Ma persiste l’esclusione al diritto, che ogni giorno diventa più pesante, odiosa, inspiegabile. Stiamo parlando di una situazione che ha superato da tempo il livello di guardia. Le cittadine e i cittadini lgbt italiani si sentono rinchiusi dentro ad una riserva, impossibilitati di condurre una vita decente, (forse per voi eterosessuali abituati da una cinquantina d’anni a godere appieno delle libertà è un sentimento difficile da comprendere!), trattati con sufficienza, se non con spregio dalle élite di questo Paese.

Insomma, cari amici del Riformista, abbiamo deciso che il tempo delle proteste formali si è concluso e, che non vogliamo più collaborare. Altro che sciopero fiscale o incitazione all’evasione, noi stiamo parlando di azioni che si rifanno alla tradizione della non violenza anti collaborazionista indiana. Cari Billotta e Comelli, la via giudiziaria è un’opzione interessante e da percorrere utilizzando appunto alcuni casi emblematici, altra cosa è chiedere che migliaia di persone e il movimento si impegnino anni (a volte 6-8) per intentare cause che sappiamo benissimo destinate, almeno fino ad ora, al nulla di fatto.
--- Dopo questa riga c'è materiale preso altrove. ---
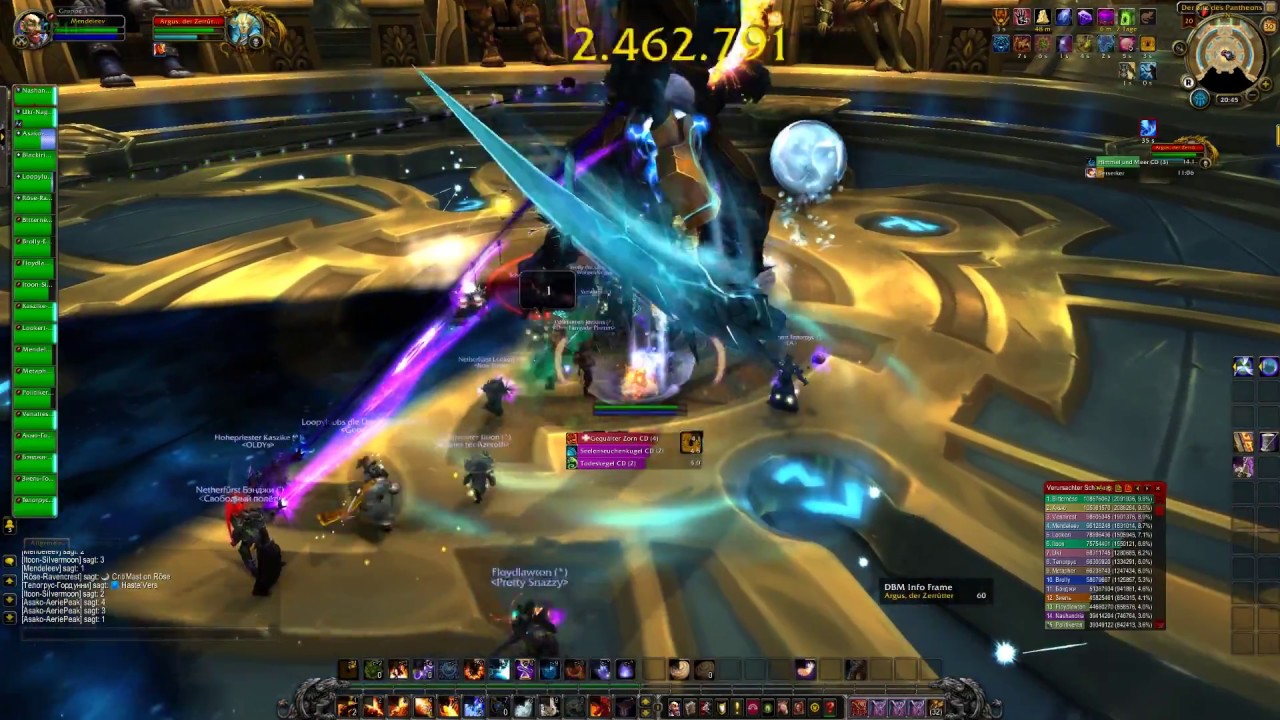 7.3.5 Fire Mage | Aggramar + Argus NHC + Argus HC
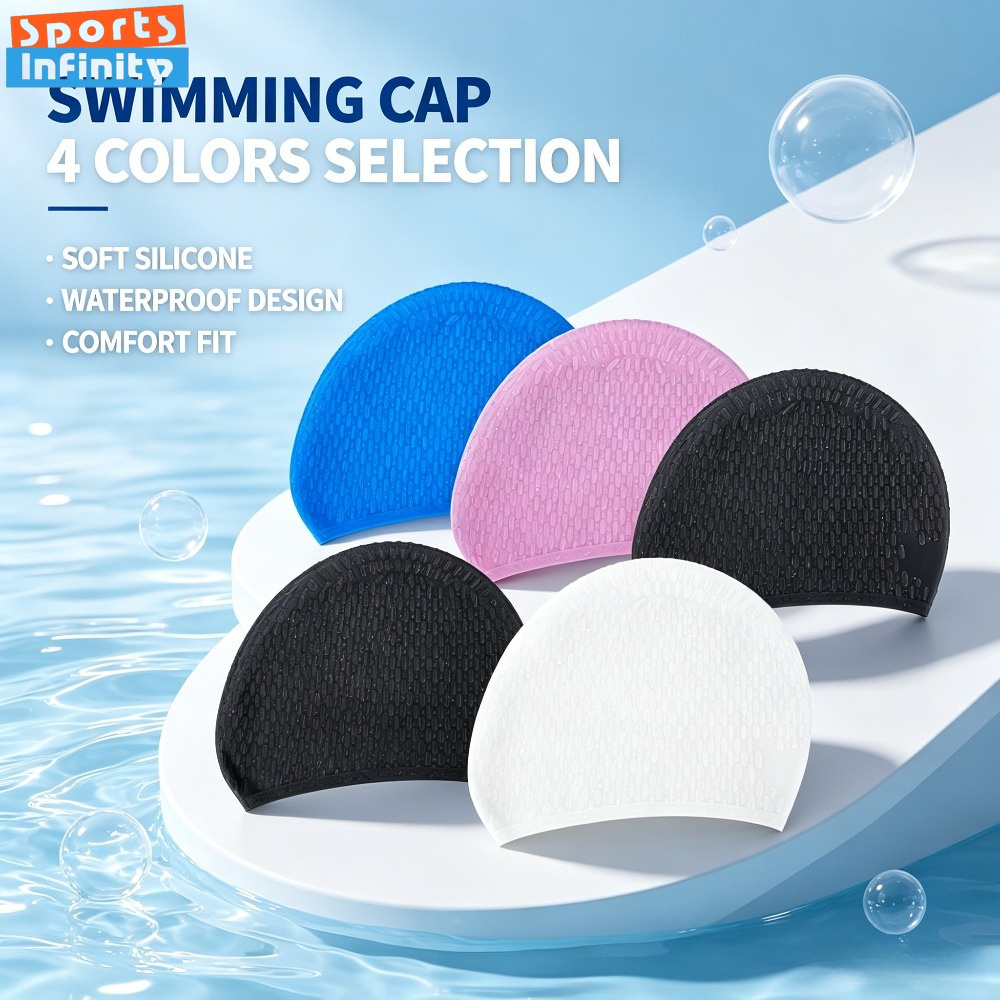 성인용 실리콘 수영모 여성 남성용 신축성 있는 수영 모 - Swim Cap Silicone 리뷰 및 가격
Nella nostra azione unitaria, che ci ha consentito di organizzare la più grande manifestazione della sinistra sociale degli ultimi vent’anni, ci ha guidato un obiettivo di fondo: dare una sponda politica credibile ad un popolo che si sente escluso. Appunto di un popolo, che non ha alcuna intenzione di accettare risposte offensive e caritatevoli, Non sappiamo da quale delle azioni annunciate partiremo, se ne aggiungeremo altre. Ora, inizia un periodo di capitalizzazione seria del risultato ottenuto in termini di partecipazione e di risposta ai nostri avversari: non è un caso che la gerarchia cattolica, sempre così incontinente nelle sue dichiarazioni omofobiche abbia scelto il silenzio, non è un caso che i grandi mass media, dalla carta stampata alle tv, abbiano calato il sipario appena dopo 24 ore dal Pride, mentre sul Family Day ci hanno ammorbato con programmi, analisi, talk show, ospitate, per oltre due mesi.

Abbiamo colpito nel segno e, se voi, de il Riformista, uno dei pochi giornali che da tempo ha compreso che stavamo facendo sul serio, ci invitate alla moderazione, vuol proprio dire che siamo stati bravi. Non so se la riconsegna delle tessere elettorali o delle carte d’identità o l’obiezione fiscale, siano strumenti politicamente corretti, sicuramente alcuni di questi segnalano alla politica un fatto che va oltre la destra e la sinistra: un’insopportabile apartheid sociale da cui vogliamo emanciparci con determinazione e coraggio, utilizzando tutti gli strumenti giuridici, fiscali, politici a disposizione.

Non vi preoccupate cari amici, non faremo mai alla politica, alla gerarchia, ai grandi mass media, il regalo di precipitare nell’estremismo caciottaro italiano, nel bieco populismo peronista in salsa nordista, né tantomeno nel vittimismo demagogico. Siamo oggi in campo e ci vogliamo rimanere: saremo prudenti, ma decisi nel condurre la nostra battaglia con strumenti inediti ed emblematici, che faranno bene a questa democrazia disossata dalla voracità cinica di una classe dirigente privilegiata ed egoista, che ha paura di quei cambiamenti che la potrebbero finalmente travolgere.